Paused for thought

Paused for thought

Tuesday, 19 May 2015

Birthday musings



Yesterday was my birthday. This year it was a rather hurried affair, snatching time to open presents and cards in between attending to my middle son who was poorly with a tummy bug and amusing our other two children. There was plenty of time for thought though. 

When I was a child, birthdays were rather self indulgent. Large parties, cake and a bounty of presents and cards, the latter of which were mostly kept safely. I love to look back through them now, invoking memories of happy times with people who I am growing old with, have since lost contact with, or people who are sadly no longer with us. 

I recall one birthday when a classmate set his alarm on his watch for the time of my birth and upon hearing it's incessant beeping the whole class, teacher included, were roused into a chorus of 'happy birthday'. The day was sunny and we were having a science lesson. This memory is still vivid, coming from a time when life was without some of the difficulties and anxieties that our adult years bestow on us.

Another memorable occasion was a party at my parents house, my childhood home. Our back garden strewn with blown up lilos to bounce on, our trusty old Sinclair C5 rolled out to enjoy. My eldest sister had drawn beautiful pictures of butterflies and turned them into badges for me and my friends. My middle sister was getting involved in the fun. 

As I grow older I realise that my birthday experiences are rolled out in my memory like a map of my life experience in more general terms. My 16th birthday when I had a live  band and a function room booked for example and nobody save my very closest friends turned up.
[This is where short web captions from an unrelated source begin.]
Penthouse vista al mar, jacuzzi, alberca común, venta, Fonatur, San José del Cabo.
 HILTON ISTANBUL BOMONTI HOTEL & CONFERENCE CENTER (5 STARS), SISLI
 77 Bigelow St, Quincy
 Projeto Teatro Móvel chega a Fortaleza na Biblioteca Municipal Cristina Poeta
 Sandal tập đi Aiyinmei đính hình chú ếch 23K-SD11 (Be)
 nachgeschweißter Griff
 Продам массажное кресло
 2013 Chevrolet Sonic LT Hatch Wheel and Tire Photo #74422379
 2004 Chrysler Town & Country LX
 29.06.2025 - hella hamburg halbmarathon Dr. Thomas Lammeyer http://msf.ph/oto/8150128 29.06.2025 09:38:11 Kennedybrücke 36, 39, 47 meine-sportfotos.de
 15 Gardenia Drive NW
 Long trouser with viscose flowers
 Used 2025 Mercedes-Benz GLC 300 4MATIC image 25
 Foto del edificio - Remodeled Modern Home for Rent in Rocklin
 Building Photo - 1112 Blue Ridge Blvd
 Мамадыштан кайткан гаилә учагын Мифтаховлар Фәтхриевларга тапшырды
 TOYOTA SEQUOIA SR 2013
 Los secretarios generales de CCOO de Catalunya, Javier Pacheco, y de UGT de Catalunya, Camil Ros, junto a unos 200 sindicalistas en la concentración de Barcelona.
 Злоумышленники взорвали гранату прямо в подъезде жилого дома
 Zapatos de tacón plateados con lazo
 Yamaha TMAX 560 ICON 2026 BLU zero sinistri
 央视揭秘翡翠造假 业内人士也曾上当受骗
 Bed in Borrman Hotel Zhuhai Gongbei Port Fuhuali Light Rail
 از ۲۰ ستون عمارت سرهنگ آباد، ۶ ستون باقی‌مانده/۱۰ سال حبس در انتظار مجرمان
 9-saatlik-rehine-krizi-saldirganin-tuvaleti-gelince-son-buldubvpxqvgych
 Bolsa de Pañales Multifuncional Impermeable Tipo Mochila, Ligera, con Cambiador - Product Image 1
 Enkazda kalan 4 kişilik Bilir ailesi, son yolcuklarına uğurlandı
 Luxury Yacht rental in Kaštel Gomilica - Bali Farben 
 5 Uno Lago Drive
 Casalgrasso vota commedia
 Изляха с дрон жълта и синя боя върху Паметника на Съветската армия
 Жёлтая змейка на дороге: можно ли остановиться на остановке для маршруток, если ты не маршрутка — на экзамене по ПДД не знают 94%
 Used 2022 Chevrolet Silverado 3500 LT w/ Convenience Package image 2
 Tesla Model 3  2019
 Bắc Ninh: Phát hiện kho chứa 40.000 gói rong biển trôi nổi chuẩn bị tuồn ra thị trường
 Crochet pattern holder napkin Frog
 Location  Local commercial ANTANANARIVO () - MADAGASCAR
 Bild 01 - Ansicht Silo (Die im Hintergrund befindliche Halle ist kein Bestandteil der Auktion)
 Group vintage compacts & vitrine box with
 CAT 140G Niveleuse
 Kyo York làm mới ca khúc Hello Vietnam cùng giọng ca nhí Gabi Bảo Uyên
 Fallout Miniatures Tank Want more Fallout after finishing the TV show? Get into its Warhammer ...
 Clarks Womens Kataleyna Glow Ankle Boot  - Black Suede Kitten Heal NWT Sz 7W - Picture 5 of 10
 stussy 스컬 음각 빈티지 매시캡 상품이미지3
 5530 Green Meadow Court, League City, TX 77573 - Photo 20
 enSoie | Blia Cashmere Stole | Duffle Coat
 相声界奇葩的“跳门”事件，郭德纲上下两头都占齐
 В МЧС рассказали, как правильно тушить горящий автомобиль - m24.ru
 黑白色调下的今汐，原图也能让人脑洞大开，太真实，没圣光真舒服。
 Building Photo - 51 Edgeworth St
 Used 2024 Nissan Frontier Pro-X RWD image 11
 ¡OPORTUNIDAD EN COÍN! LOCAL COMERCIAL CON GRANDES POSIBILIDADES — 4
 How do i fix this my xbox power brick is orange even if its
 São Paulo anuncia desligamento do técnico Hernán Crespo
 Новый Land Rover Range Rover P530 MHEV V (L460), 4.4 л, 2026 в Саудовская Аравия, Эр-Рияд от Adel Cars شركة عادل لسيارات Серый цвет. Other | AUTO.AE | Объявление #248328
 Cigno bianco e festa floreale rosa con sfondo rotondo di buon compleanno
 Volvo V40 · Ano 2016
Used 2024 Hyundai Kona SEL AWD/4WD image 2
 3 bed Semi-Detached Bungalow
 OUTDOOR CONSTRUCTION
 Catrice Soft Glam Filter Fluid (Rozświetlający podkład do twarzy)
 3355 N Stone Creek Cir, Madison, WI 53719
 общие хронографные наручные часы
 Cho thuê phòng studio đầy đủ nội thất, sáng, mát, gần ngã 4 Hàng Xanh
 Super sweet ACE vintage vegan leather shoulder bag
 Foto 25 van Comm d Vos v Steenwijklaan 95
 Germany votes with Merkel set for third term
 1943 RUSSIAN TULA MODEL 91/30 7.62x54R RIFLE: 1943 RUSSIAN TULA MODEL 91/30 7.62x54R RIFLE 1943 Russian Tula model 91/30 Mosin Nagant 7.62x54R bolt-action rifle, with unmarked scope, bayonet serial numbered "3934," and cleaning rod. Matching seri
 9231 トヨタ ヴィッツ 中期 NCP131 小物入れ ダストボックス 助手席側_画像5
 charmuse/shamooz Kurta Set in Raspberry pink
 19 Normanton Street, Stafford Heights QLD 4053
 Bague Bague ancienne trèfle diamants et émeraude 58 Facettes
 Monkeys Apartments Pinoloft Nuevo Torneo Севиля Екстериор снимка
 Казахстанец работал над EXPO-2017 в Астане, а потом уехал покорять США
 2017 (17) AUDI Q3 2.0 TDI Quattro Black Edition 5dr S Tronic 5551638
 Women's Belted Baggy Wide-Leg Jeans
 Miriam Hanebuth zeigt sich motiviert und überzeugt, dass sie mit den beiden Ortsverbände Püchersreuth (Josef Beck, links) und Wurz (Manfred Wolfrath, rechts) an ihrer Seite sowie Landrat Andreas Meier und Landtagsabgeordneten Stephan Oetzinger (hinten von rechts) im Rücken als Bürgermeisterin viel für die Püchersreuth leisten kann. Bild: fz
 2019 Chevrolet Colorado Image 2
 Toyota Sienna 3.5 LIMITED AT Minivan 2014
My boyfriend and sisters were dispatched to round people up and save it from being a disaster, but it was an important lesson for my teenage self that life was and is so much bigger than one person and their birthday. In my twenties I disappeared down a cave in Ireland with my husband on one birthday and would have happily spent the day there, in hiding from a world I was beginning to understand but one in which I had not yet mastered the art of adult confidence. Now in my thirties I am harnessing my enthusiasm for life and learning to use my experience, passion and confidence to find the positives and to give things a go.

I started writing this blog to find my creative voice again, once strong in my early twenties I confess I set it aside through fear that it simply wasn't (and still isn't) perfect. It still bothers me that to some these posts will be nothing more than 5 minutes from their life that they can never claim back. I hope though, that for others I might invoke a thought, a moment of self reflection or perhaps even challenge a view lying imbedded and undisturbed.

Back to the present and I am required as a mother and a wife again. Little hands tugging at my clothes, a baby sleeping soundly but mouth twitching in anticipation of being fed, a day spread out before us all to explore. My husband and I approaching it with enquiring and confident adult minds, and my boys relishing it with childish abandon from their happy and secure little world.